Hélas pour moi (English: Alas for Me or Oh Woe Is Me) is a 1993 French-Swiss experimental film directed by Jean-Luc Godard and starring Gérard Depardieu. The film is loosely inspired by the legend of Alcmene and Amphitryon and depicts a god attempting to experience the truth of human desire, suffering and pleasure.

==Plot==
A man named Abraham Klimt arrives in a small Swiss village to investigate an incident that occurred on July 23, 1989 involving Rachel and Simon Donnadieu, a local couple. He interviews several of the townsfolk and enlists the aid of a poet, Aude Amiel. The story of Rachel and Simon unfolds in a series of flashbacks. Per the Greek myth on which the film is based, God—or a god—comes to earth with his assistant, Max Mercury. He decides he wants to possess Rachel Donnadieu, so he takes the form of Simon Donnadieu when the latter leaves home on a business trip. God-as-Simon returns to Rachel while Simon is away, and the two have an encounter.

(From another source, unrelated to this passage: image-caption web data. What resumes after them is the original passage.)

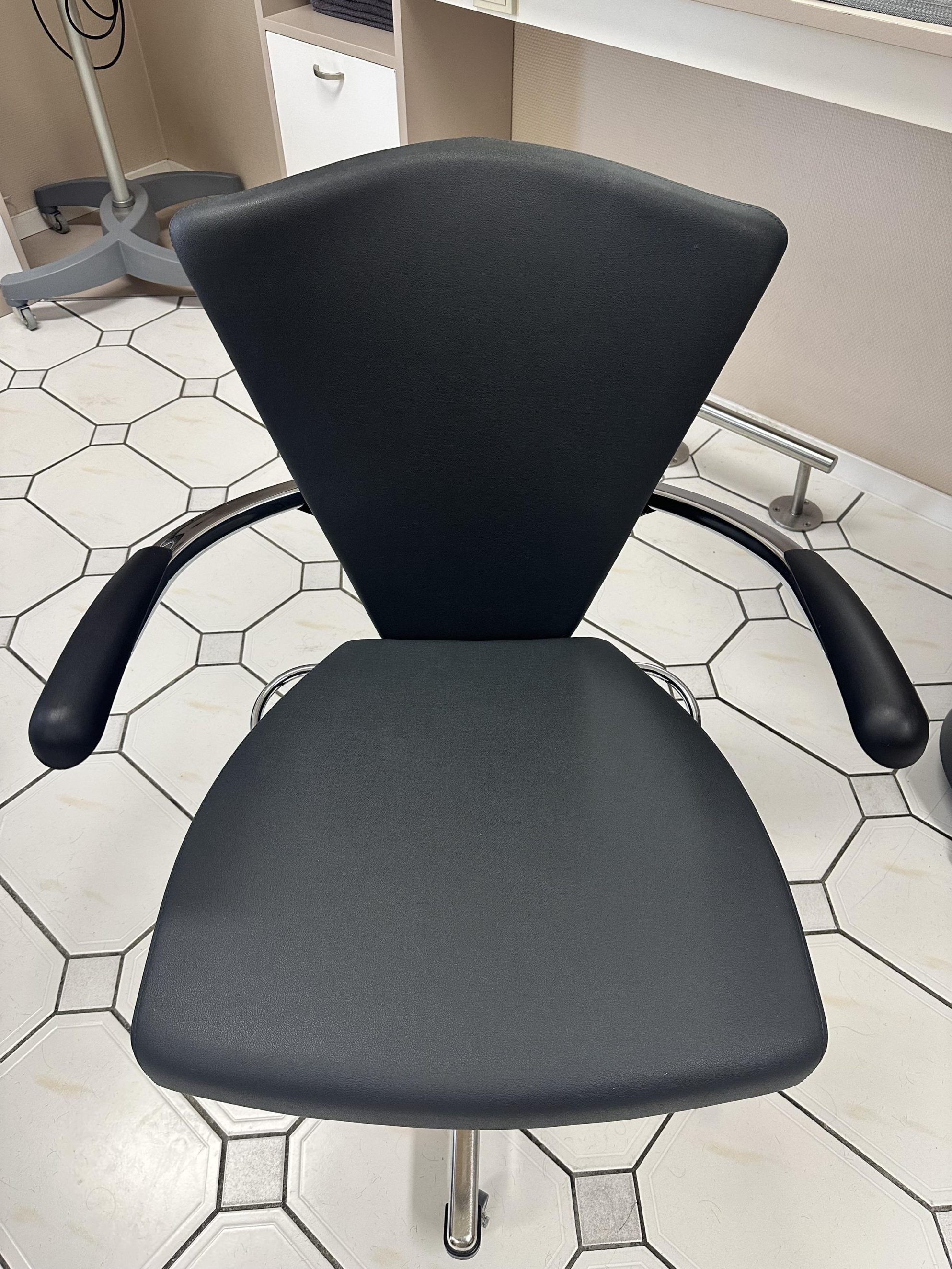 TOP HAIR Kleinanzeigen 10 Friseursalon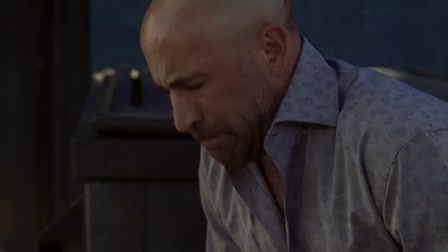 24 6. évad 10. rész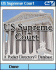 US Supreme Court Pocket Directory Smartphone Database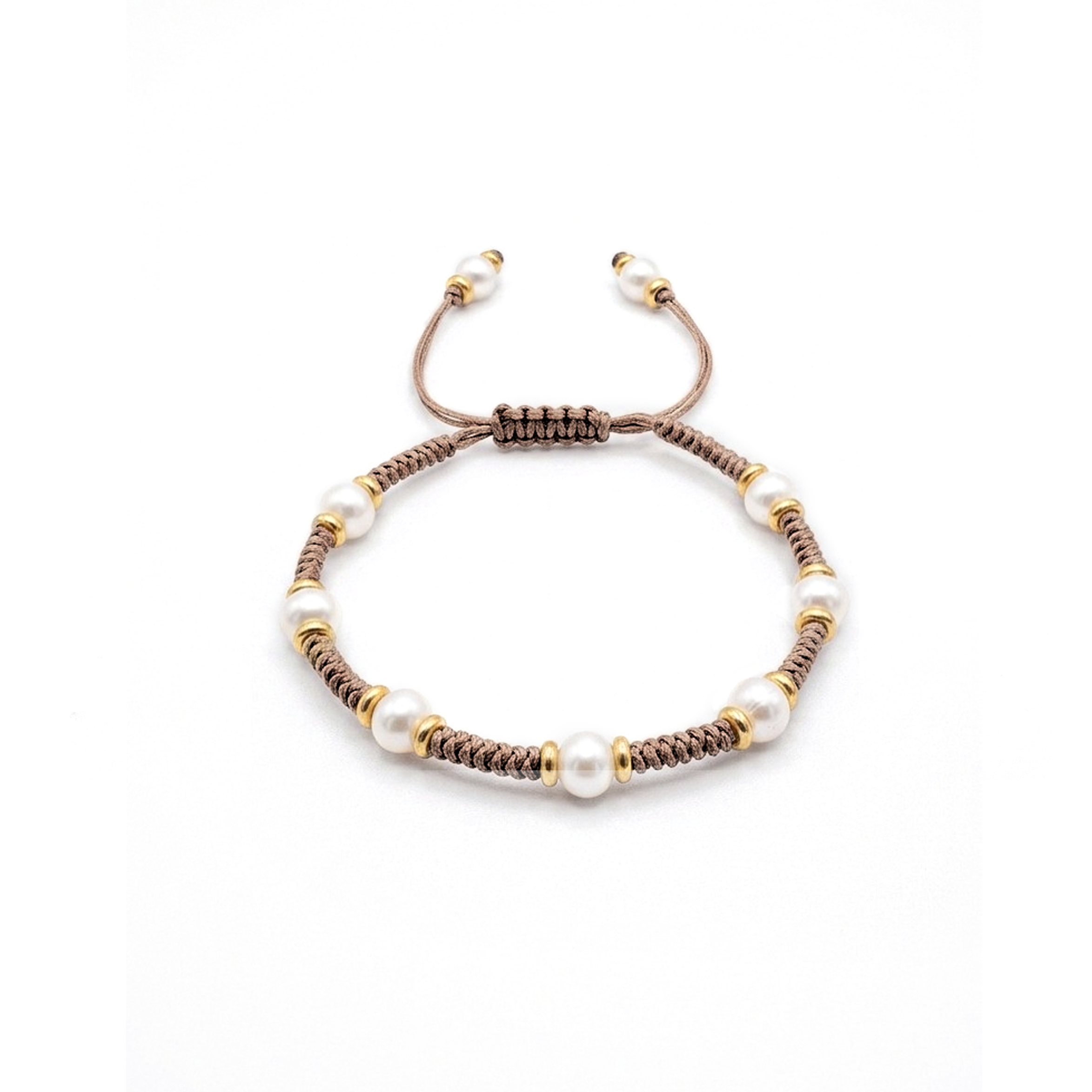 Imagen de diapositiva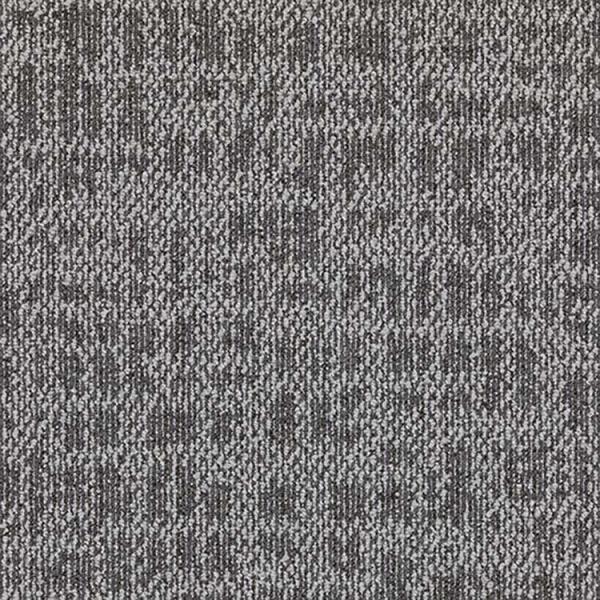 【なくなり次第終了】メーカー廃番品のため大特価！サンゲツNTシリーズ タイルカーペットNT-7300H eco クロスラインI【NT-73001】■生産国：日本■ブランド名：サンゲツ / sangetsu■サイズ：50×50cm＜ご注意＞■...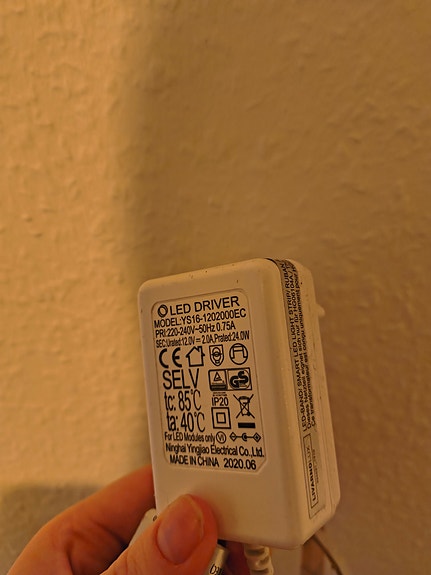 Product image 3 of 5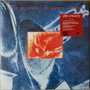 Dire Straits - On Every Street VG+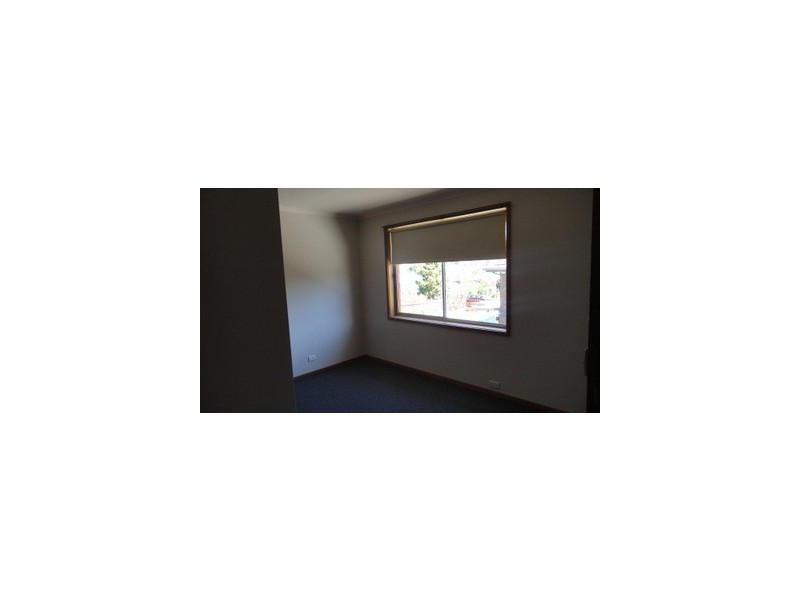 10 Rowana Court, Glenorchy TAS 7010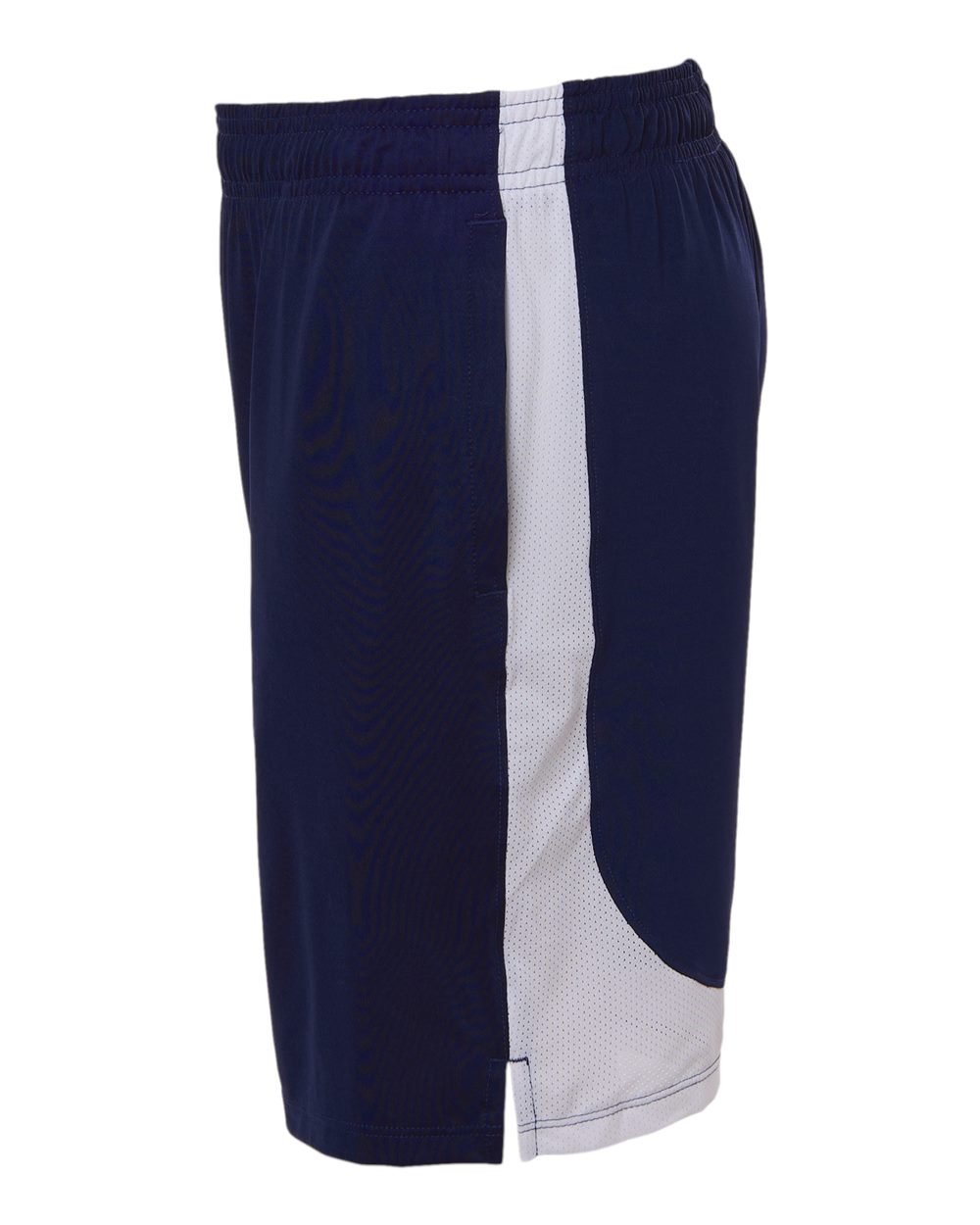 Youth Tech Vent Athletic Shorts - 6000589 22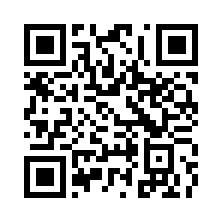 QR Code for 1x31GhPL8DEXM9XPZHnMdiXADuHic3DYY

Or not. Rachel is not talking about the incident, and Simon, in a brief encounter with Klimt at the end of the film, denies that it happened. The evidence provided by the flashbacks is contradictory. Ultimately, Klimt concludes, "There is nothing left to say concerning Simon and Rachel. The rest occurs beyond images and beyond stories."

==Cast==
- Gérard Depardieu as Simon Donnadieu
- Laurence Masliah as Rachel Donnadieu
- Bernard Verley as Abraham Klimt
- Aude Amiot as Aude Amiel
- Roland Blanche as The art teacher
- Jean-Louis Loca as Max Mercury
- Louis-Do de Lencquesaing as Ludovic
- Fabienne Chaudat

==Production==
Cinematographer Caroline Champetier said that the original script began with God riding a train through France and Switzerland, observing all the battles of humanity through the window. This sequence would have required expensive special effects; Godard visited a company that demonstrated for him the effects they had achieved for Jean-Pierre Jeunet's Delicatessen, but ultimately gave up on the idea.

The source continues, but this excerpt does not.